Union Legal Maneuvering Shouldn’t Be Allowed to Diminish Worker Vote

Foundation-backed reforms that the NLRB adopted in 2020 (also known as the “Election Protection Rule”) permitted the Seattle Mariners employees to challenge UFCW officials’ ascent to power, which the union accomplished via “card check” – a scheme that bypasses the NLRB secret-ballot election process. The Election Protection Rule permitted the employees to petition for a secret ballot decertification election and vote the union out after the card check occurred. However, the Biden NLRB has already announced a proposal to repeal the “Election Protection Rule” and make card check organizing drives much harder for employees to contest.

In light of that, the one-year period of freedom from union control that the NLRB denied the Seattle Mariners workers is absolutely vital.
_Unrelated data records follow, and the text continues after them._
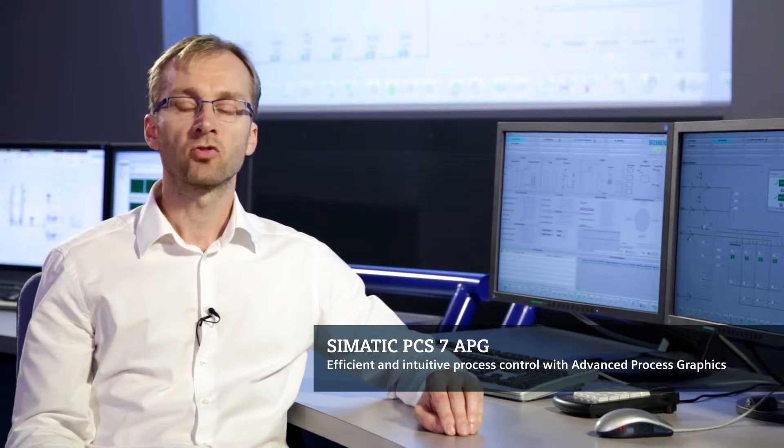Modern process control involves more than just a detailed view of the process. A clear overview is also vital.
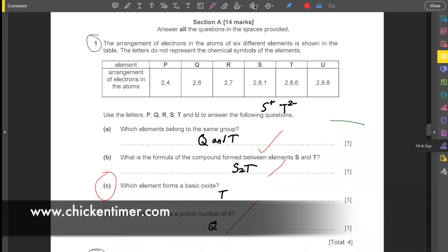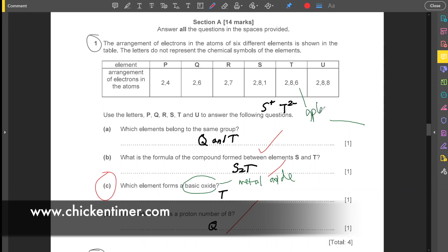Question one asks which element forms a basic oxide. A basic oxide is a metal oxide. T is in group six, and group six elements form acid oxides if they are non-metals.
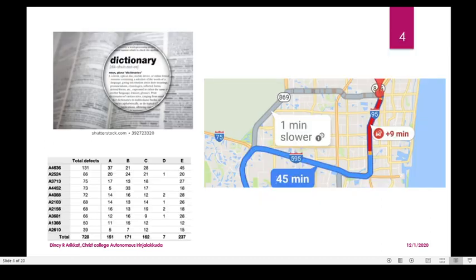We will organize these different types of data. For example, a dictionary has a list of words in sorted order. Then we organize these different data into a list format.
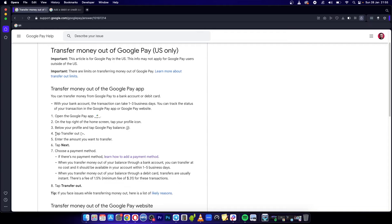Then you want to tap transfer out, and it's going to have that symbol there. Enter the amount you would like to transfer, then choose next.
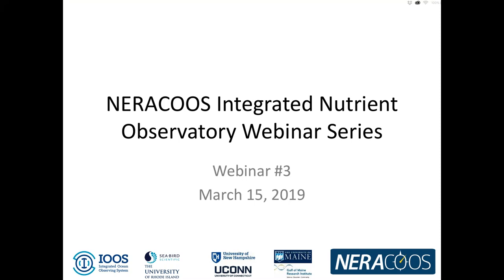Welcome to the NIRACOOS Integrated Nutrient Observatory Webinar Series. This is the third and final webinar of this series. My name is Tom Schaika. I'm with NIRACOOS, and I'll be providing an introduction to the project and moderating questions today. The purpose of this webinar series is to share the results of our Nutrient Observatory project. Today's webinar will focus on the description of the sensors deployed, and we'll show you how to access project data.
Without it, UFCW officials could move to foist the union back on the employees through card check in less than a year, and, if the Election Protection Rule has been wiped out by then, the workers may be unable to challenge the card check with a secret ballot vote.

“The game UFCW union officials are playing with Seattle Mariners employees’ rights is sinister, but obvious: Game the system to avoid the full consequences of losing an election among the workers they claimed to ‘represent,’” commented National Right to Work Foundation President Mark Mix. “It doesn’t help that the Biden NLRB is simultaneously pursuing policies that make it nigh impossible for employees to free themselves of the control of union officials who attempt such manipulation.”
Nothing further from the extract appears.